A poco più di quattro mesi dall’assoluzione in appello dello psicoterapeuta, Claudio Foti la Procura generale di Bologna ricorre in Cassazione contro quel verdetto. Lo psicoterapeuta è imputato nel processo sui presunti affidi illeciti nella Val d’Enza. Il sostituto pg Massimiliano Rossi e la pm Valentina Salvi, secondo quanto riporta l’Ansa, hanno firmato 70 pagine contro il verdetto del 6 giugno. I reati contestati sono l’abuso di ufficio per l’affidamento del servizio di psicoterapia alla onlus di Foti, di lesioni psicologiche a un’adolescente. Secondo gli inquirenti quella sentenza di assoluzione è viziata da contraddittorietà e illogicità della motivazione e travisamento dei fatti per l’omessa valutazione di specifici elementi di prova.

Nell’assolvere Claudio Foti dall’accusa di concorso in abuso di ufficio per l’affidamento senza gara del servizio di psicoterapia della Val d’Enza Reggiana, la Corte di appello di Bologna non avrebbe considerato adeguatamente il contributo al sistema illecito dello psicoterapeuta imputato. Secondo i pg i giudici hanno infatti omesso di valutare i numerosi e singoli atti di indagine dai quali “in maniera chiara e inequivocabile” sono stati accertati i rapporti affaristici e di collusione tra Foti e i pubblici ufficiali della Val d’Enza almeno a partire dal 2015 e senza dubbio antecedenti all’apertura del centro ‘La Cura’ di Bibbiano. Foti in primo grado era stato condannato a 4 anni. A Reggio Emilia è in corso il processo in rito ordinario per 17 imputati.
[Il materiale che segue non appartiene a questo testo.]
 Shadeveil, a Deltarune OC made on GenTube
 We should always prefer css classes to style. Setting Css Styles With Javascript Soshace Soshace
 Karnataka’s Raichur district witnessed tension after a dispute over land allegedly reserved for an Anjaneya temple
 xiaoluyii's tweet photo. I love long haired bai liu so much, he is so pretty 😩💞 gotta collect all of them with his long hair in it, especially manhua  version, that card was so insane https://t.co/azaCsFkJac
Inoltre sempre secondo l’accusa, affermando che Foti, assolto per non aver commesso il fatto da questa imputazione, sia stato un “mero beneficiario” dell’illecito, la Corte non avrebbe tenuto conto del contributo di Foti attraverso la “triangolazione fittizia” di fatture, con fatture a persone che non avevano nulla a che fare con le prestazioni di psicoterapia. Per assolverlo poi dall’accusa di lesioni psicologiche a una sua paziente adolescente, la sentenza di appello si è fondata esclusivamente sulla lettura della consulenza tecnica depositata in fase di indagine e ha ignorato l’audizione dello stesso consulente nel processo in abbreviato.
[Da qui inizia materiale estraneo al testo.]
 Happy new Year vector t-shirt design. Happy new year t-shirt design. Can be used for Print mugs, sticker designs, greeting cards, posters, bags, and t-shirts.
La Corte, ritengono gli inquirenti, non ha attribuito inoltre rilevanza alle condotte poste in essere da Foti che, intervenendo sul già precario stato psichico della ragazza, non solo non avrebbe curato i sintomi, ma ne avrebbe definitivamente compromesso la salute mentale, inculcandole l’idea di essere stata vittima di abusi sessuali dal padre e che la madre non l’avrebbe protetta. Condotta protrattasi per tre anni, fino alla fine del 2018.
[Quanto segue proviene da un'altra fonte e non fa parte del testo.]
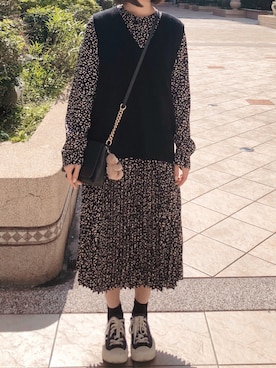 「アイテム（シャツワンピース）」を使った、りんさん（レディース・152cm・10代）の春コーディネート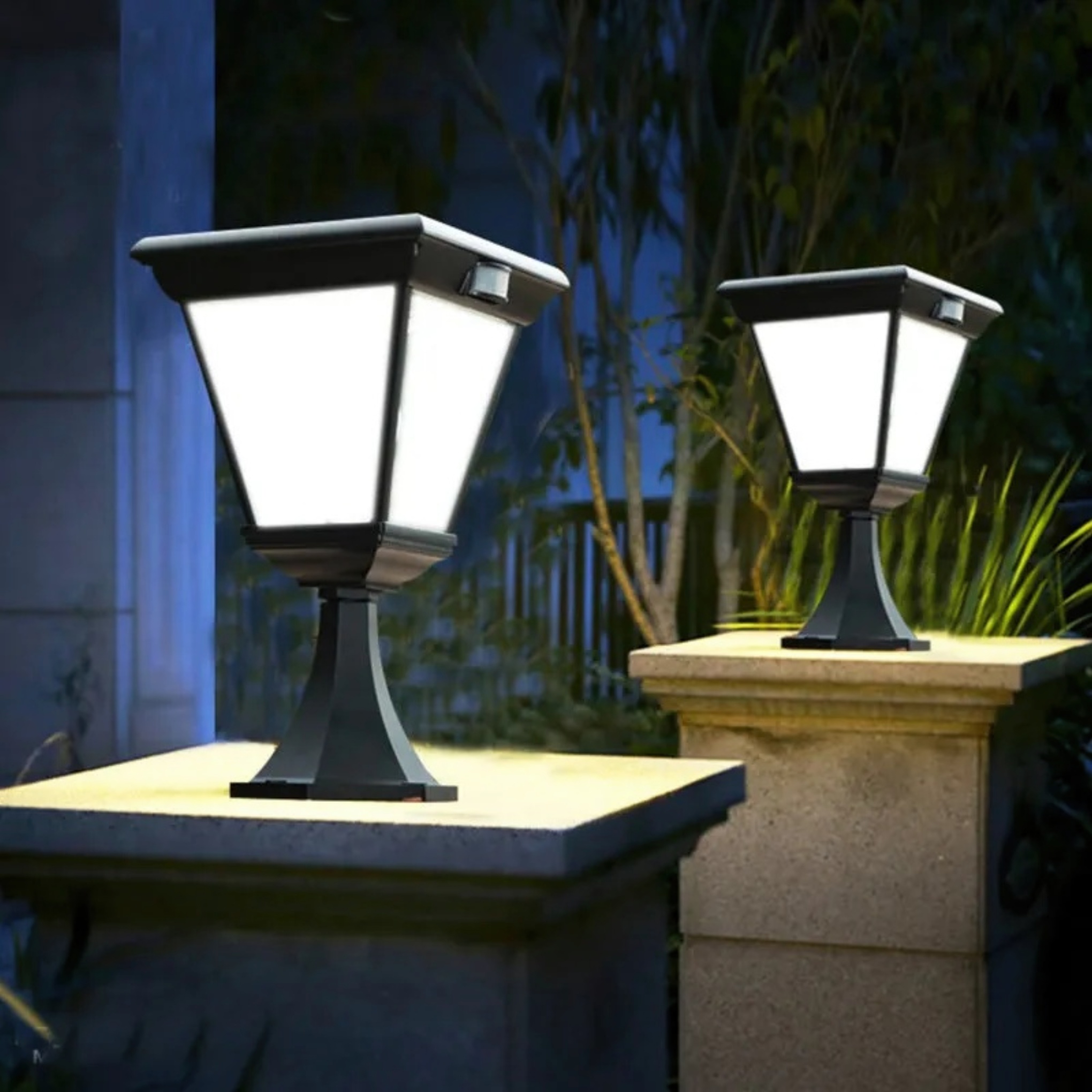 Contemporary sensor home aluminum outdoor lanterns & lamps — Variant A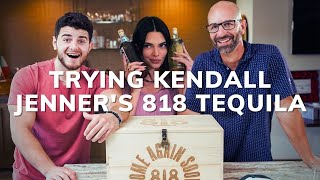 Kendall Jenner sent us her 818 tequila to try out [upl. by Claresta]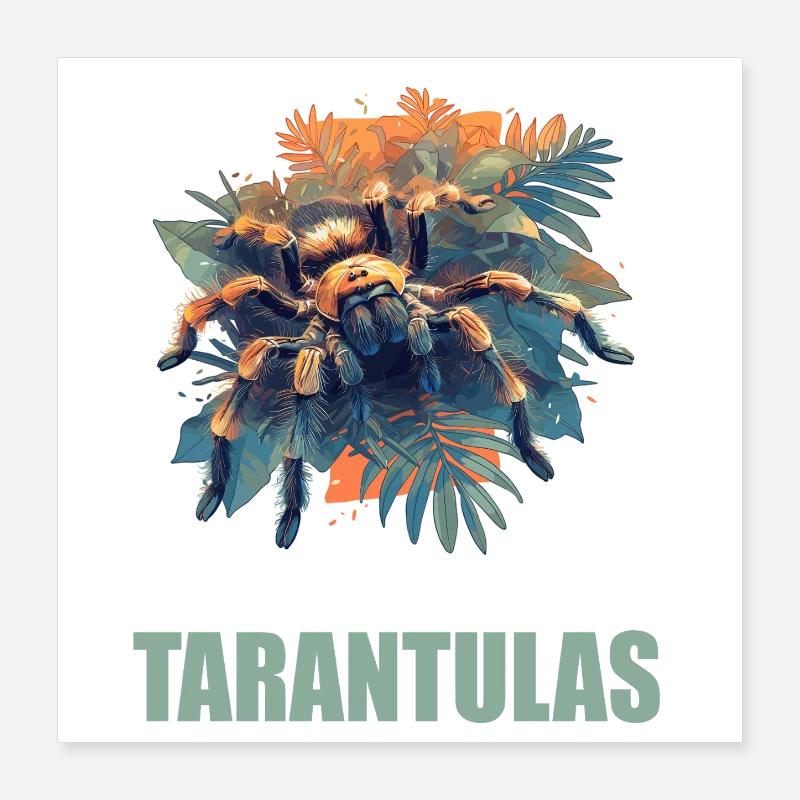Taranteln Tarantel Poster 40x40 cm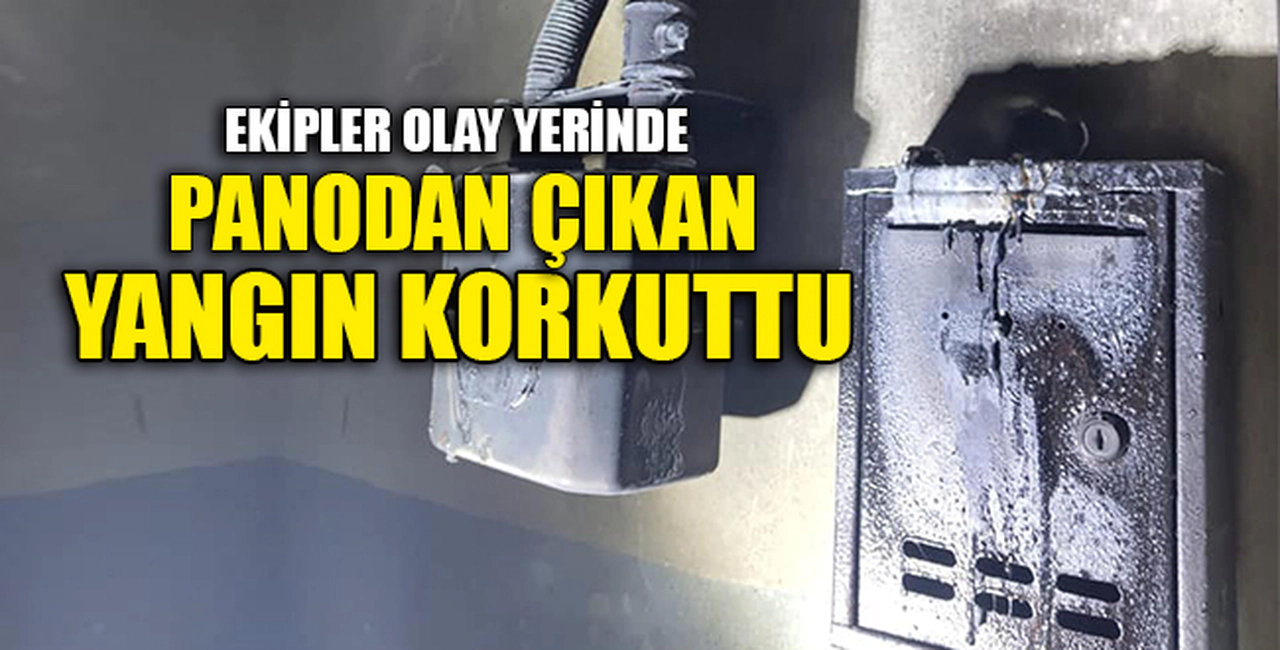 ÇIKAN YANGIN KORKUTTU
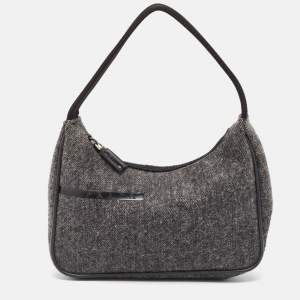 Prada Sport Grey Wool Shoulder Bag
“Il ricorso per Cassazione non ci preoccupa. Certo stupisce e preoccupa questa insistenza da parte dell’accusa. La sentenza della Corte d’appello di Bologna ha fatto giustizia di una condanna priva di basi scientifiche e contro ogni logica” commenta il difensore di Foti, l’avvocato Luca Bauccio.”Claudio Foti – aggiunge il legale – è stato assolto sulla base della scienza e della giurisprudenza della Corte di Cassazione degli ultimi 50 anni. Non abbiamo dubbi che questi sacrosanti principi verranno confermati. Bisognerà rassegnarsi al tramonto della leggenda di Bibbiano. Questa indagine contro Claudio Foti nemmeno doveva nascere“.